EXERCISE PROMPT >>
Copy nothing but the lines below, from the one with "Kлиматик Mitsubishi HEAVY" through the one with "Type Des Naturels", exactly as written; no pictures should appear.

INFORMATION SUPPLIED >>
########

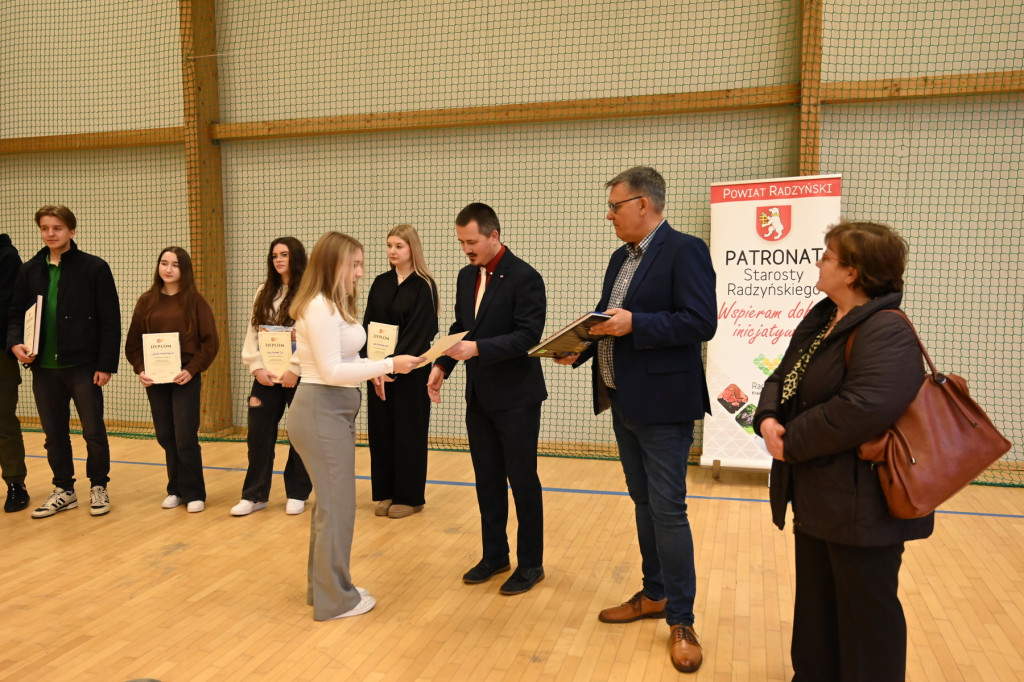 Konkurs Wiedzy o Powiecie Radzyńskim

########

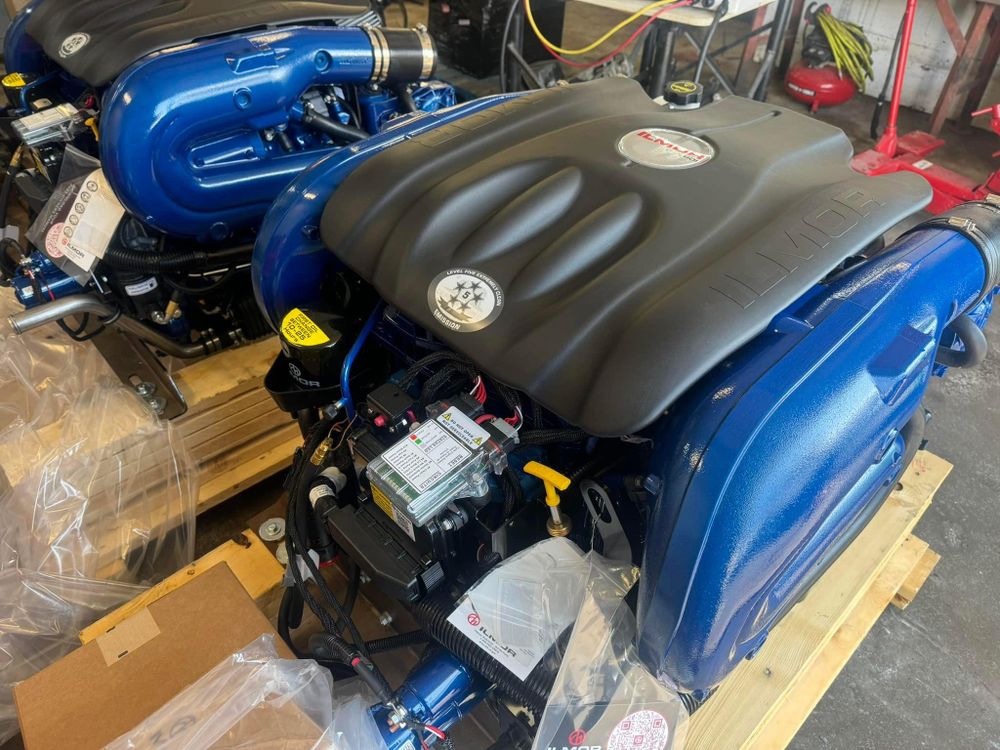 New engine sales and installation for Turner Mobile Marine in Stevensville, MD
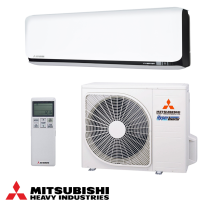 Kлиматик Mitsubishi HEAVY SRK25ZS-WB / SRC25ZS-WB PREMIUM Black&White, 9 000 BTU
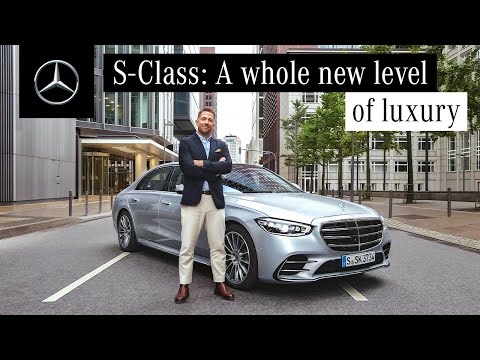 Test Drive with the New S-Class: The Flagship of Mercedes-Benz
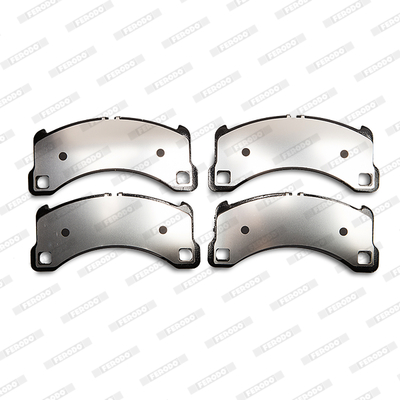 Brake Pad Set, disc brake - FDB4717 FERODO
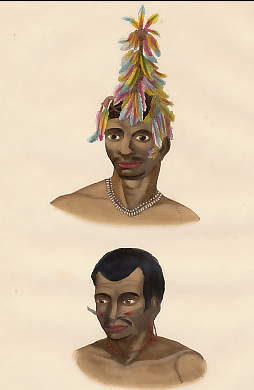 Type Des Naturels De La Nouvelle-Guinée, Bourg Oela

########

RESPONSE >>
 Kлиматик Mitsubishi HEAVY SRK25ZS-WB / SRC25ZS-WB PREMIUM Black&White, 9 000 BTU
 Test Drive with the New S-Class: The Flagship of Mercedes-Benz
 Brake Pad Set, disc brake - FDB4717 FERODO
 Type Des Naturels De La Nouvelle-Guinée, Bourg Oela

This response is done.